You’ve seen or perhaps experienced the nightmare boss – the guy who is fussy, short tempered and demanding. Clearly, hard to work for. Why? Because he unbalances people emotionally, and does not care about how he makes them feel. Their emotional reaction drastically affects how they respond and what they will or will not do in return.

Angry Boss

So how much more effective would that boss be if he were patient, calm and understanding in his approach?

We’ve all had the experience of ‘losing it’ out of frustration or stress and saying things in the moment that we regret later. Things, that upon reflection, have further slowed or exacerbated the situation – hardly what we wanted in the first place.

One’s ability to perform work or function properly in a job can be broken into three areas:

  • Technical competency and skills
  • Intellectual capability – our cognitive ability commonly known as IQ (Intelligence Quotient)
  • Emotional capability – often referred to as Emotional Intelligence or Emotional Quotient

Emotional Intelligence (EI) is a measure of one’s ability to recognise, understand and manage emotions in ourselves and others. Getting results and performance from your team, demands that you master some basic skills in this area.

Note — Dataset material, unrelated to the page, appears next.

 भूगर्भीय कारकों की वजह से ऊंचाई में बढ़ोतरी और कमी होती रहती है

The concept of Emotional Intelligence (EI) became widely known through Daniel Goleman’s book of the same name back in the 1990’s. It’s a “must read” for anyone who works with people on any level (as are several of Goleman’s other books). Goleman argues that EI is a far, far greater predictor and ingredient of business success than cognitive intelligence.

Goleman developed the Emotional Intelligence Competencies Model which breaks this concept down into something that is easily understood.

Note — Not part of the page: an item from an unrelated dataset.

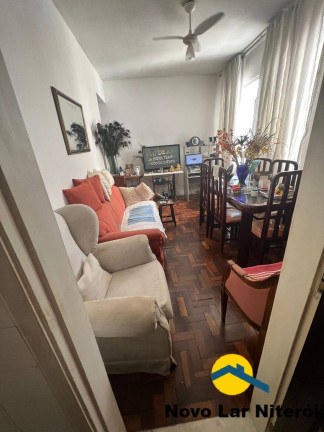 Imagem Apartamento com 2 Quartos à Venda, 64 m² em Icaraí - Niterói Imagem Apartamento com 2 Quartos à Venda, 64 m² em Icaraí - Niterói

Emotional Intellignce Competencies Model

Daniel Goleman’s Emotional Intelligence Competencies Model

  1. It all starts with Self Awareness. One has to be able to recognize one’s emotions and the effects your emotions have on others. You also need to have the correct measure of self-confidence.
  2. This leads to two things:
    • the ability to exert self-control and manage the characteristics that will lead greater achievement: Drive, conscientiousness, adaptability etc.
    • the ability to empathise and be aware of the people around you and your role within the organization and the community.
  1. With self-management and social awareness, one can successfully operate relationships where you can exert your influence, and drive results through others.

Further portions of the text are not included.